Por Santiago
Silva Jaramillo
Tener serias
reservas, incluso oponerse
a la negociación con las Farc en La Habana no puede ser un sinónimo de uribismo, menos aún, de guerrerismo.
Pero ya se ha convertido en un lugar común de la opinión pública, por lo menos,
de algunos columnistas y medios de comunicación, relacionar cualquier crítica
al proceso con una posición fundamentalista respecto a la solución del
conflicto entre la sociedad colombiana y el grupo guerrillero.
El proceso –y
sus defensores- deberían aceptar las críticas como una manera de fortalecer los
argumentos que los justificarían. Hay que recordarles a los defensores que, a
pesar de todo, continuamos en una democracia y es nuestro derecho señalar lo
que nos parezca injusto o inconveniente.
Los acuerdos de
la negociación no pueden ser impuestos, sino acordados. No solo entre las Farc
y el gobierno, también entre ellos y los colombianos. Y ese acuerdo no es solo
la refrendación que nos prometió el presidente Santos, sino la posibilidad de
discutir y criticar lo que percibimos del proceso todos los colombianos.
Mis
preocupaciones –y las de muchos colombianos-, pueden resumirse en tres puntos:
El primero, la
legitimación de la política armada al negociar aspectos clave de la política
colombiana con un grupo cuya única influencia es la que les da las armas y el
dinero extraído de la ilegalidad. Sin absoluto reconocimiento popular, las Farc
son una banda armada con aspiraciones políticas grupales pero no nacionales. Es
decir, se preocupan por sus propios beneficios y de los suyos –en general-,
pero no del pueblo colombiano.
El segundo, que
los acuerdos, particularmente los políticos, tengan una lógica de “feudo
político” para la defensa del privilegio conseguido con violencia. En este
sentido, los jefes de las Farc parecen demasiado preocupados por garantizar el
poder político suficiente para defender lo que ganen en la negociación y lo que
se han robado en décadas de guerra, en una terrible lógica de homologación de
fusiles por curules.
El tercero, la
despreocupación (actual, lo reconozco) por la discusión sobre la justicia. Los
méritos de cualquier acuerdo que se logre están en su duración, en su
sostenibilidad, y eso se consigue según el grado de justicia que se alcance.

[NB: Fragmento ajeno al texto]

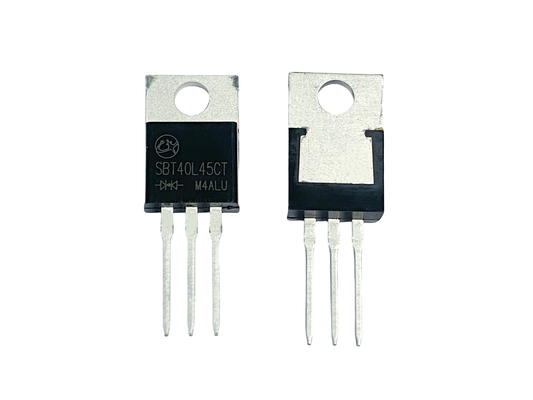 40A45V SBT40L45CT 저전압 TO-220AB 높은 전류 용량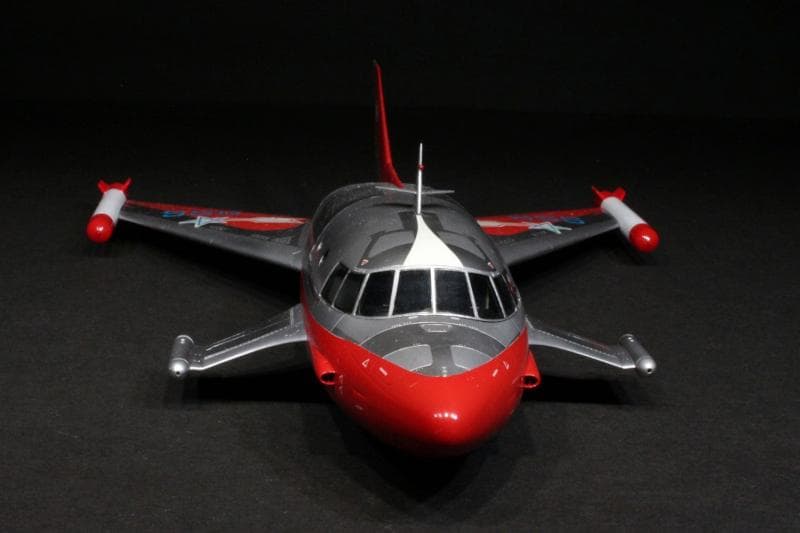 ハセガワ1/72 ジェットビートル ギミック付き　Ver.1.5 ジャンク扱い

Las negaciones de las Farc y la “prudencia” del gobierno para tratarlo son
malas señales sobre lo que viene.
Las Farc quizá
no lo saben –seguro lo han olvidado luego de décadas de matar colombianos- pero
el nuestro es un sistema democrático liberal sustentado por supuesto en la
libertad de pensamiento y expresión. Podemos y debemos hablar sobre la
negociación en La Habana, señalar sus dificultades y consecuencias y que en el
proceso, no nos tachen de fundamentalistas.